Angelology
- First edition
- Author: Danielle Trussoni
- Language: English
- Genre: Thriller
- Publisher: Viking
- Publication date: March 9, 2010
- Publication place: United States
- Media type: Hardcover
- Pages: 464
- ISBN: 978-0-670-02147-5

= Angelology (novel) =

2010 novel by Danielle Trussoni

Angelology is a first novel by Danielle Trussoni. It was published by Viking Press in March 2010.

==Plot==
The story follows a nun in New York who unwittingly reignites an ancient war between Angelologists, a group who study angels, and a race of descendants of angels and humans called the Nephilim. The story blends ancient biblical pericopes, the myth of Orpheus, and the fall of rebel angels.

==Characters==
- Dr. Raphael Valko: A French professor who coordinates an extraction of a body of a fallen angel from a cave in the Rhodope Mountains in 1943. Seraphina Valko is Dr. Valko's wife. The excavation of the fallen angel's body is located in an area that has historical ties to Orpheus and Greek mythology.
- Evangeline: Her father gave her to Franciscan nuns to raise. After she has taken vows, she starts to doubt her religion and starts investigating her parents, who were angelologists.
- Percival Grigori: A Nephilim villain.
- Verlaine: One art student, who is smitten with Sister Evangeline, and assists her in finding artifacts related to angels and stands beside her in the fight against the Nephilim.
- Gabriella Lévi-Franche Valko: An angelologist, whose activities as a 21 year old women directed the course of history.

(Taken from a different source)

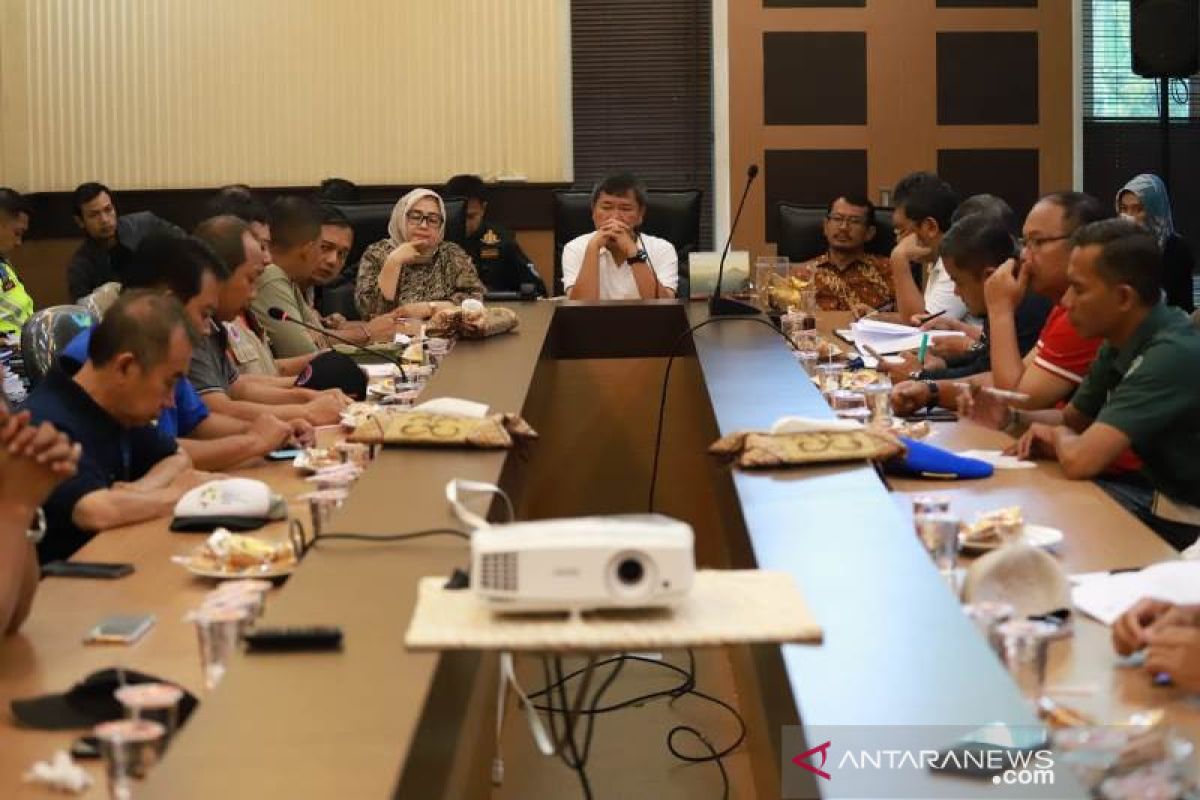 Kegiatan belajar mengajar di Garut gunakan sistem jarak jauh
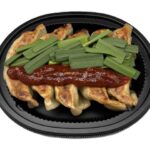 セブンイレブンのピリ辛ダレで食べる おつまみニラ餃子を比較する。税込価格：387円、カロリー：269kcal、1円あたりカロリー：0.70kcal/円、たんぱく質：11.4g、1円あたりたんぱく質：0.03g/円、脂質：11.4g、炭水化物：31.4g、糖質：28.8g、食物繊維：2.6g、食塩相当量：2.5g。餃子の上にニラを乗せ、キムチダレと酢醤油を合わせたおつまみ餃子です。アレルギー：卵、小麦、かに。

== Publishing and film interest ==
Eric Simonoff, then at Janklow & Nesbit, agented the book. In early 2009, seven different publishing houses vied for the manuscript. It eventually went to Viking Press for an undisclosed amount. According to Publishers Weekly, a reputable industry publication, the final offer was "well into six figures".

Apart from publishing industry interest, two motion picture studios, Columbia Pictures and Universal Pictures, bid against each other for the film rights, with Columbia winning.

Andrea Gianetti and DeVon Franklin (Columbia's executive producers on The Da Vinci Code and Angels & Demons) are currently overseeing the project. Will Smith and James Lassiter's Overbrook Entertainment will co-produce with director Marc Forster. Marc Forster will be directing the film.